When the news hit the press, headlines exploded on both sides of the Pacific. Was this all much ado about nothing, or did the head of one of the wealthiest and most powerful families on the planet really have the president of South Korea on the payroll? The court said “yes,” at least to a point.
Samsung is still shouting “NO!” Shortly after the verdict, the company released a statement denouncing the decision and insisting Lee will be acquitted on appeal.
So, does this mean Samsung will sell fewer phones? Probably not. If they can make it through exploding phones, dealing with allegations of corruption should be a relative cakewalk as far as selling products is concerned. In fact, Samsung is riding high when it comes to sales. The company has a big win with the Galaxy S8, recently celebrated its best quarter ever, and just edged Apple as the most profitable tech company in the world.

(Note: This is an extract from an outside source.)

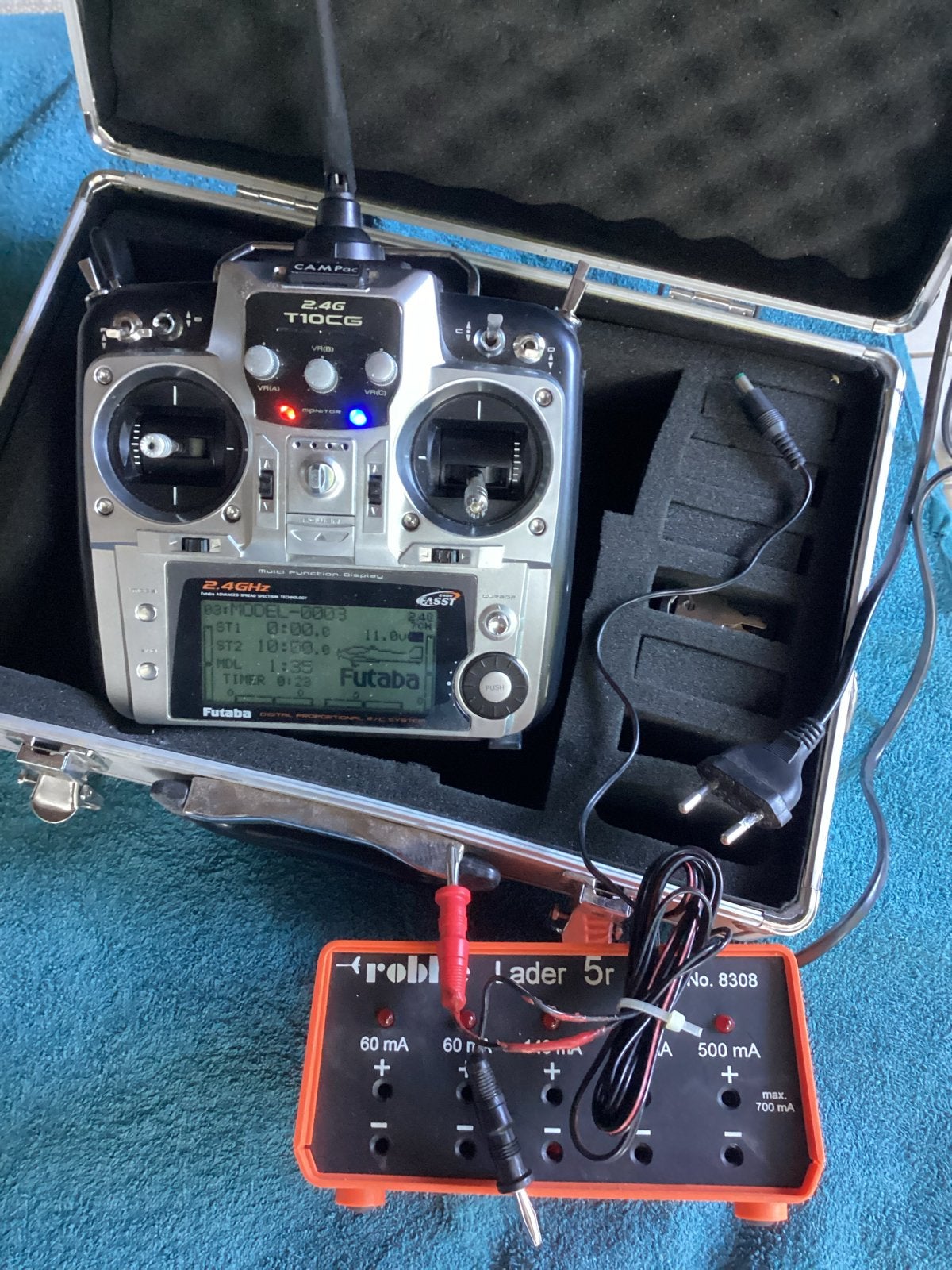 Futaba T10CG 2.4GHz zender met ontvanger en lader, Ophalen of Verzenden, Gebruikt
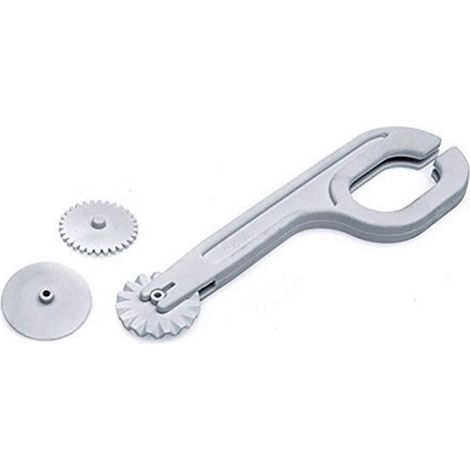 Wilton rotella taglia e decora plastica per glassa e fondente (1/4)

So, on that front, Samsung is doing fine. But there are other considerations. Investors, big businesses, and many nations don’t like dealing with companies that have a stigma of corruption surrounding them. Long-term, if Samsung doesn’t correct its image on this front, there could be issues down the road. A lot of investors are reticent to trust dynastic businesses. Sure, a founder may have the “right stuff,” but that doesn’t mean his grandkids do. They may want different leadership … and this kind of scandal could be the foothold large investors need to force the issue if they choose to do so.
It’s possible all of this will just go away on appeal, but it’s not likely. Sooner or later, Samsung will have to deal with the notion that, at least maybe, their leadership is suspect.